RALEIGH — If you’re a North Carolina taxpayer, public school teacher, government employee, or anyone with a vested interest in the state’s pension system, beware: State Treasurer Janet Cowell could be gambling with your money (and, potentially, your retirement) to satisfy a political agenda.
The Portland Business Journal reported recently that Cowell’s office had made a proxy request to the board of Nike Inc., asking the company to “post a semiannual report on its website that gives details about the company's political contributions.” Shareholders will consider the request at a meeting in September. The company’s board has urged shareholders to reject the request.
What is Cowell’s interest in Nike’s political activity? In an email, her spokeswoman Julia Vail told me that the treasurer has sent letters to the boards of several companies that hold investments from the state’s pension funds — Nike, Devon Energy, and Halliburton — requesting that they “provide full disclosure of political spending, including contributions made to 527s [political committees] and trade associations, as well as develop a board oversight policy” regarding disclosure of political spending.
“In light of the Supreme Court’s Citizens United decision,” Vail wrote, “the treasurer believes that companies involved in political activities should disclose their political spending and board oversight policies to make sure that these expenses are in the best interests of shareholders.”
As a shareholder, Cowell has the right to ask whether the companies she has invested in are engaging in political activities that undermine the value of her portfolio. But what Cowell does with this information could compromise her fiduciary responsibility to the 800,000 members of the $60 billion state pension plans.
By state law, the treasurer is the sole fiduciary of pension investments. She decides where members’ contributions reside. The law also says the treasurer’s duty is to serve “solely in the interest of the participants and beneficiaries” of the pension plan, and “may consider benefits created by an investment in addition to investment return only if the treasurer determines that the investment providing these collateral benefits would be prudent even without collateral benefits” (emphasis added).
In other words, the law demands that the treasurer put the fiscal health of the pension funds first. She’s not supposed to be a political watchdog unless doing so boosts the bottom line of her investments.
Indeed, if a company’s political activity has no effect on its value in the marketplace — and the treasurer uses that information to decide where to put the retirement system money — then she’s traveling a dangerous path. She could choose to invest in businesses that endorse causes that are dear to her, even if those companies’ share prices lag others with differing political priorities, or none at all.
Moreover, not all political spending is equal. Some companies provide significant support to trade associations that fight regulations that can undermine corporate profits — and harm those investing in the businesses. Other companies fund overtly social or political causes, which may attract good will from their customers or may squander money that could have been spent on capital, personnel, or marketing.
Any decision Cowell makes on corporate political spending will be a subjective call.
Cowell cites an outfit called the Center for Political Accountability, which is prodding shareholder groups and large pension managers to demand more “transparency” from publicly held companies in their political spending.

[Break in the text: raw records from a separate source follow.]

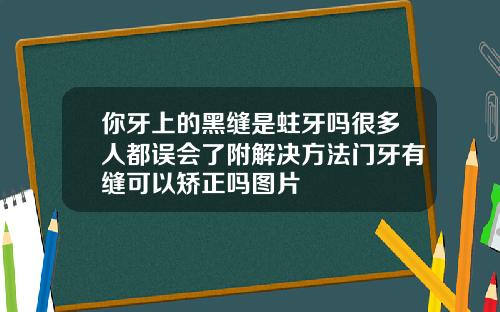 你牙上的黑缝是蛀牙吗很多人都误会了附解决方法门牙有缝可以矫正吗图片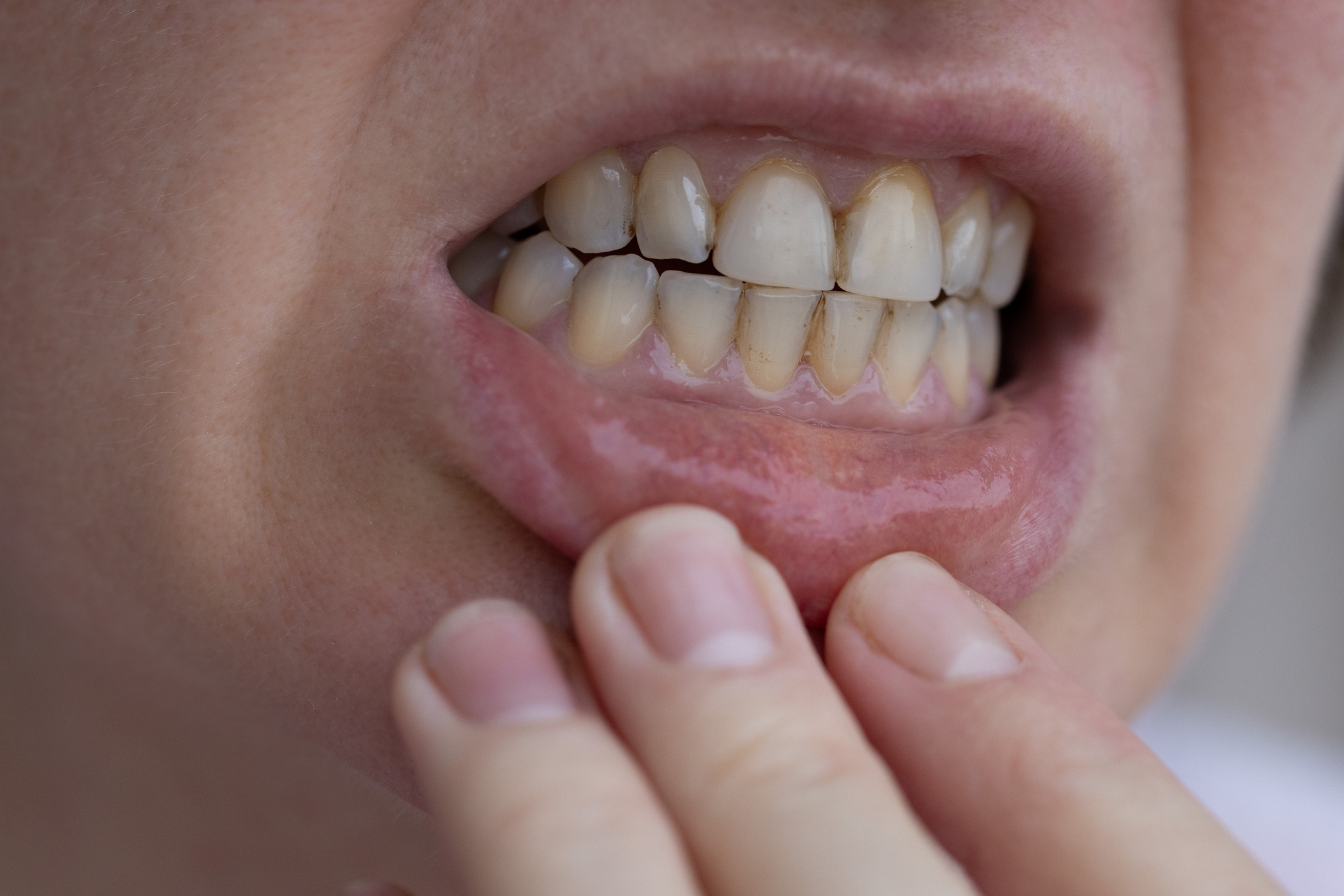 Read more about the article What Is Calculus On Teeth?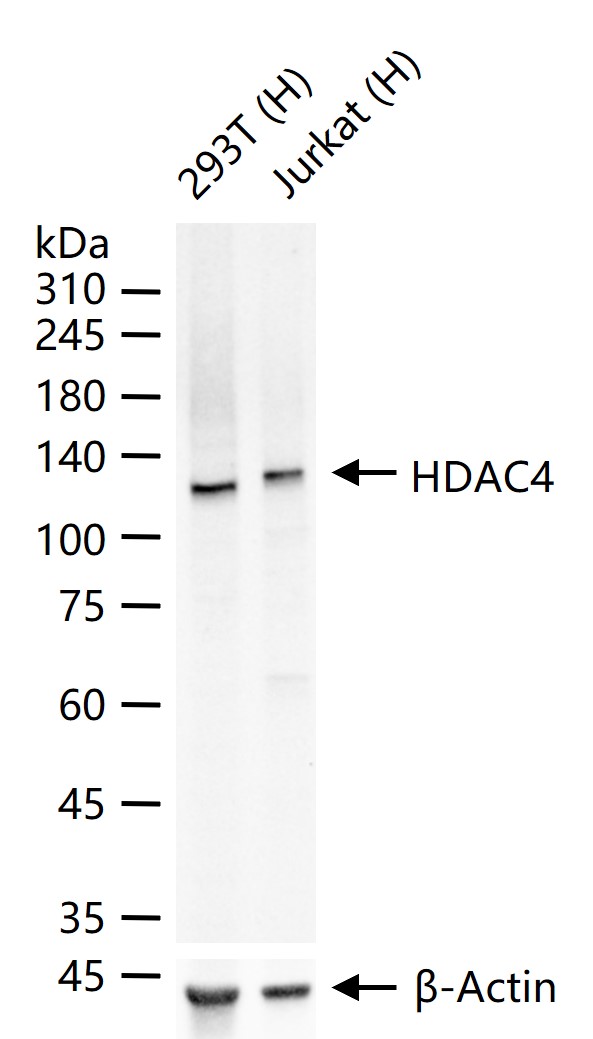 组蛋白去乙酰化酶4重组兔单抗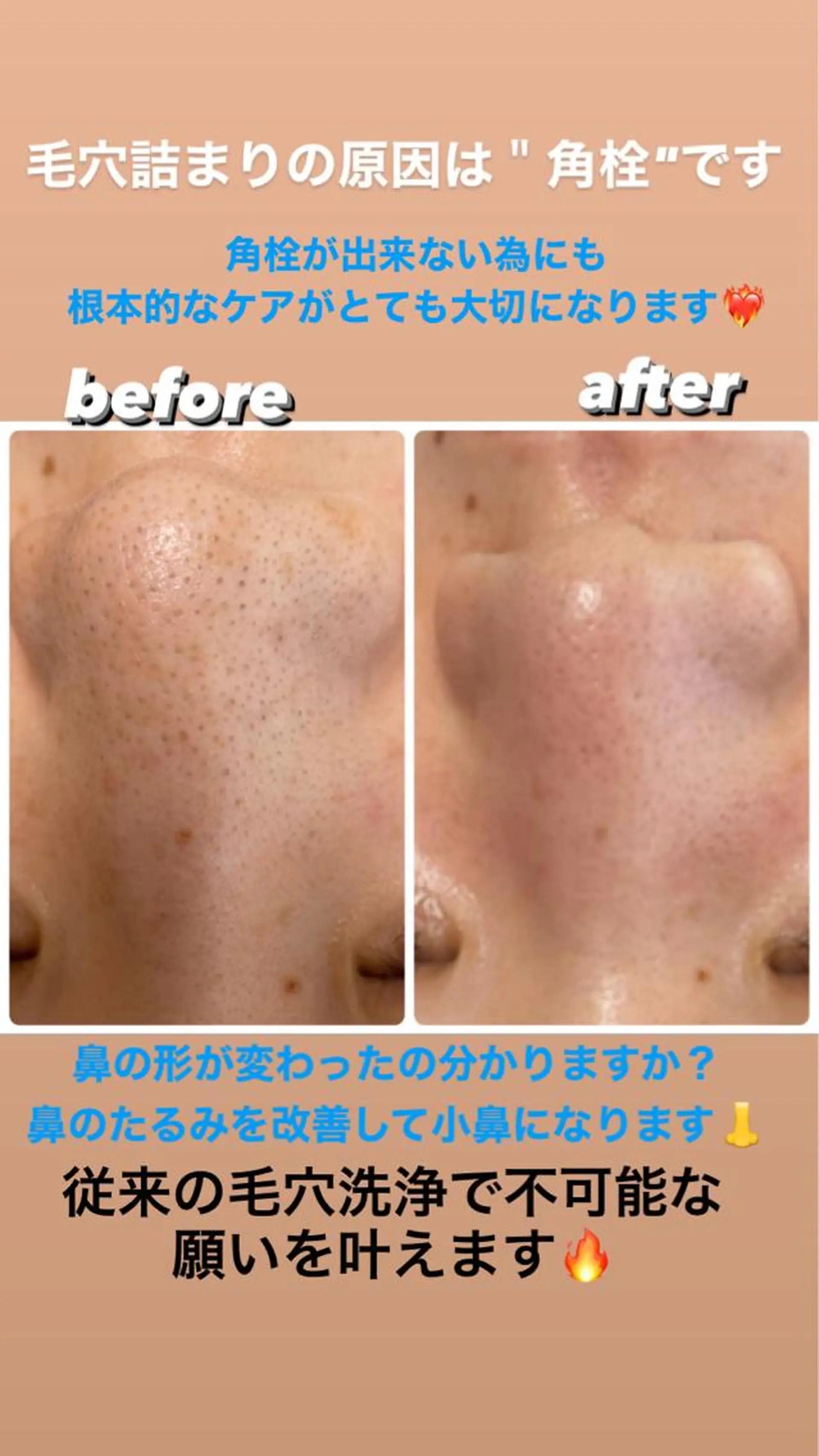 ショート カラー パーマ ヘアアレンジ メンズ キッズ ネイル マツエク・マツパ アイブロウ エステ ビューティーサロンRavi所属・ビューティーサロン Raviのエステ・リラクイメージ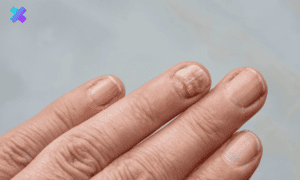 Leczenie grzybicy paznokci u dłoni, skuteczne metody i porady od Nexmed.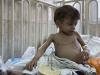 غزہ میں شدید غذائی قلت سے نوزائیدہ بچوں کی اموات بڑھ رہی ہے: عالمی ادارہ صحت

As The Wall Street Journal’s Kim Strassel reported in June, the center is using shareholder proxy requests to force corporations to publicize their spending on political causes, letting liberal activists target boycotts against the ones that support conservative or free-market policies.
Cowell’s responsibilities are to maintain the financial health of state pensions, not serve as judge and jury of companies’ political activities.
The General Assembly could relegate the potential for such political investing to the history books. Most states have independent, appointed investment boards. These boards control where pension funds are invested. And while they aren’t immune from political influence, they represent more than a single person’s instincts and biases.
Next year’s legislature should consider forming such a board, for the betterment of the public employees who depend on a pension for their retirement, and of the taxpayers of North Carolina, who’ll have to bail out the pension fund if the next treasurer picks the wrong horse, for whatever reason.